Without having been there, all I can say is I can't imagine giving epi to an A&O pt who feels fine -- especially one with her hx.


----------



## E tank (May 14, 2021)

EKG? Putting the cuff on the forearm and putting the index arrow thingy along the radial artery is a legit way to get a NIBP on a fat arm. Generally speaking, volume before pressor/inotrope in the setting of isolated, suspected hypotension.

SBP 110 after epi? Guess that's one way to do it....


----------



## Akulahawk (May 15, 2021)

I'm with E tank on this. Put the cuff on the forearm and let it run. Doing manual BPs that way can be a bit difficult but it's not impossible. Asymptomatic hypotension is certainly possible but not typically when you legitimately have an SBP of 60. If you stood the patient up and she became dizzy, that would make me worry... but otherwise, there are people that normally "live" at 90/60-ish, though none of the people I know that do are 200+ pounds...


----------



## medichopeful (May 15, 2021)

My money is on the BP not being accurate.  Like others have said, I would try the forearm.  I've seen an NIBP get a SBP in the 40s on a bedrail, so sometimes you have to evaluate the accuracy of them.

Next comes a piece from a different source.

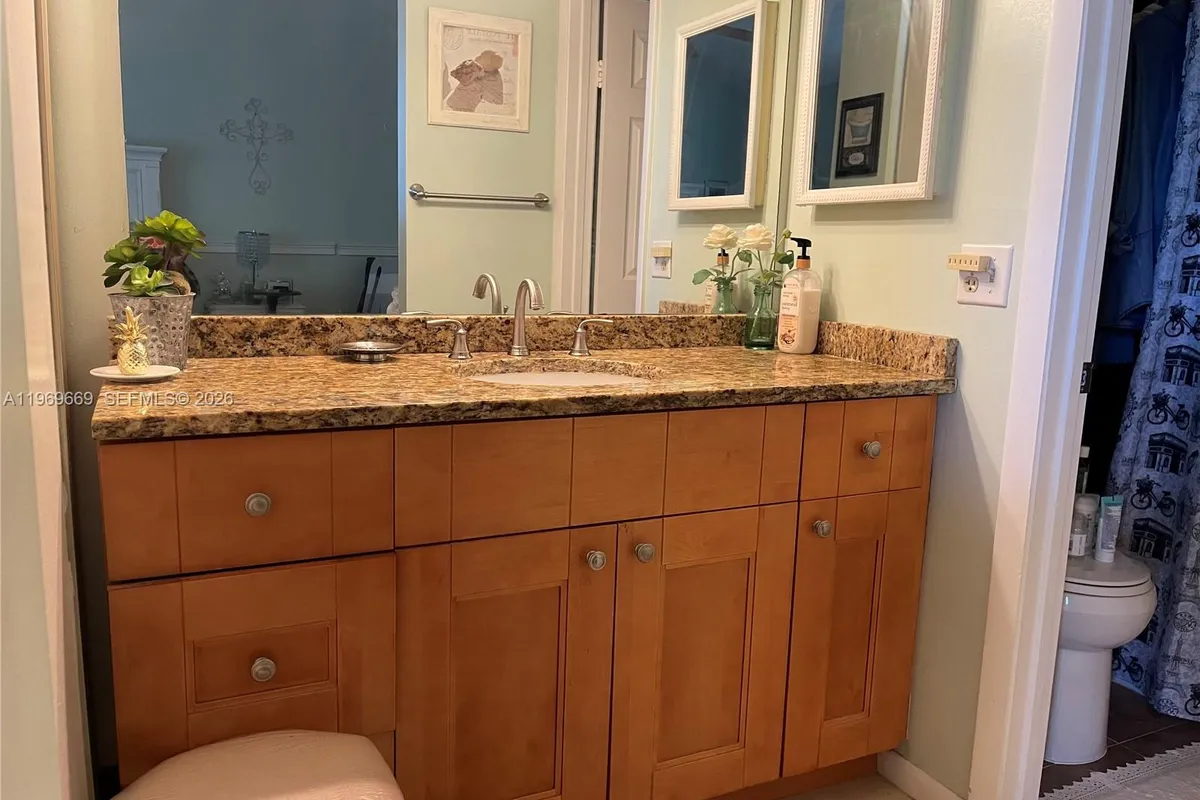 3699 N Carambola Cir N # 2837, Coconut Creek FL 33066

It's important to clinically correlate vitals and clinical presentation, and it doesn't really seem like that was done here.  I would go with a small fluid  bolus (maybe) if I was getting consistently low BPs, and I probably wouldn't go straight to epi.  If I did have to start a pressor on this patient for some really weird reason, I'd probably use levophed, not epi.

It seems like they were just treating a number in this case.  I'm not a fan of the whole "treat the patient, not the monitor" mantra because both the patient and the monitor will tell you important information, but I feel that this is one of those situations where the monitor was displaying false information.

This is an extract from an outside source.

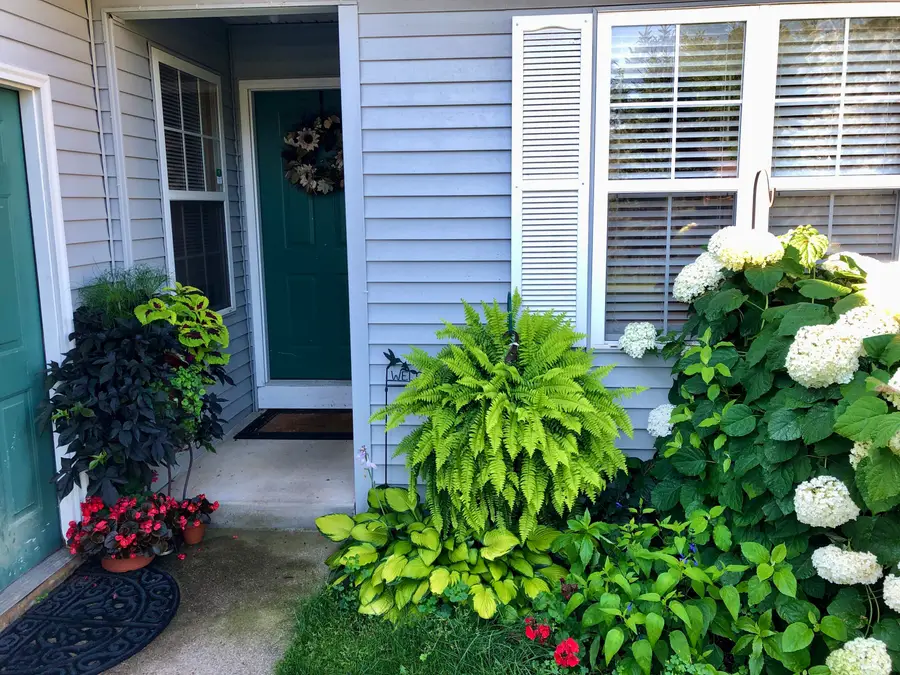 6085 Fairgrove Street, Kalamazoo, MI 49009 - #2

I'm assuming "code 3" means L&S?  Curious why they did L&S on this one, any idea?


----------



## Comfort Care (May 15, 2021)

Accurate BPs are difficult to obtain in the obese patient. I had an obese septic,.intubated patient once, BP cuff could not get a pressure and was very labile 60s to 140s,.wtf.  How can I titrate pressors and sedation with an inaccurate pressure!?  Pain in the ***. I told MD to put in an A-line and CVC and we were solid. Love me my A-lines.


----------



## MackTheKnife (May 16, 2021)

Mitchellmvhs said:


> Just started my ALS training with my new AMR ops, I’m a basic and with a medic and emt fto, I just ran this call and could use some input. One of the most intense calls I’ve run.
> 
> 70 yo F who’s friend called 911 for falling out of her walker. Pretty extensive hx, chf, copd, db. We’re code 3 to call and get on scene before fire. Initially she said she felt fine and just needed help up to her walker. Lady was 280LBS, we help her sit on her walker. Fire medic and my medic convince her to let us check her out. I put her on the monitor and mind you our Large Adult BP cuff had a hard time fitting her. It didn’t get a BP, so we run it again and It’s coming back 60/20ish. We run it again and its continually not wanting to get a BP. We’re a little concerned now, so we load her up into ambulance, medic goes for IV and I try to get a manual, same issue, cuff doesn’t fit that great I can’t hear a BP, my EMT fto can’t hear it accurately. I was going to try for a Palp as wel, but I couldn’t get a radial or brachial. We decided to transport at this point Code 3. We get fluids going and medic gives epi. I try again for another manual and I still can’t hear **** (then again we were going c-3 as I try to take it) but i see the needle jumping around 100. We get the auto monitor cuff back on her and once we get to hospital it comes back around 110 systolic. We get to ER transfer care etc.
> 
> The biggest thing that confused me was SHES A/Ox4 SEEMS TOTALLY FINE but a little weak, but she’s got an extensive hx and pretty normally this way. Was her BP that low? can you really hear a manual BP that low? I’m questioning myself if I’m still **** at manual BPS. I even bought a Littman classic III to help awhile back, but still couldn’t hear ****. But at the same time our largest cuff didn’t fit that well.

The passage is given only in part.